Luther King nunca comprou essa primária versão dos fatos. Como o próprio repetidamente afirmava, a luta não era entre negros e brancos. Era entre a justiça e a injustiça, independentemente da cor das vítimas e dos opressores.
Não é por acaso que, no discurso de 1963, o "sonho" de Luther King era chegar ao dia em que brancos e negros se sentariam na mesma "mesa da humanidade". Essa mensagem de "integração" seria impensável nas diatribes separatistas e violentas de Malcolm X e da Nação do Islã.
O que não significa que o radicalismo dos "Muçulmanos Negros" não tenha ajudado a causa de Luther King. Eis a terceira marca da sua inteligência: apresentar a luta pelos direitos civis como a "via média" entre dois extremismos gêmeos. O extremismo dos separatistas brancos. E o extremismo dos separatistas negros.
Na sua "Letter from Birmingham Jail", escrita no presídio anos antes da Marcha sobre Washington, Martin Luther King já era explícito na condenação daqueles que "perderam a fé na América"; dos que "repudiaram o cristianismo"; e dos que apresentam o homem branco como "um demônio incorrigível".
Tradução: se a América desejava evitar uma guerra civil racial, garantir direitos civis aos negros era melhor do que jogá-los na insurreição armada.

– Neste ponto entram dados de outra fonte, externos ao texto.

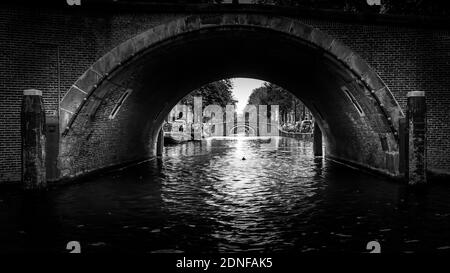 Black and White photo of View of seven historic bridges in a straight line over the Reguliersgracht, viewed from a canal boat in the Herengracht Stock Photo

Felizmente, a América escutou Martin Luther King, não Malcolm X. Em 1964, o Congresso aprovava o Civil Rights Act, infligindo o golpe de misericórdia na segregação laboral, escolar, social. Os direitos eleitorais plenos viriam logo a seguir, em 1965. E hoje?
Fato: como relembra o "Wall Street Journal", o rendimento das famílias negras ainda representa 66% do rendimento das famílias brancas. Mas é também importante lembrar que, há 50 anos, metade da população negra vivia na pobreza. A cifra, hoje, ronda os 28%.
E, claro, escusado será dizer que, em 2013, a cor da Casa Branca não é mais branca.
Martin Luther King esteve na cidade em 1963 para imaginar o dia em que os seres humanos não seriam julgados pela cor da pele, mas pelo seu caráter.
Às vezes, as verdades mais antigas são as mais revolucionárias. E Luther King era esse admirável paradoxo: um conservador revolucionário. São os únicos revolucionários que eu respeito.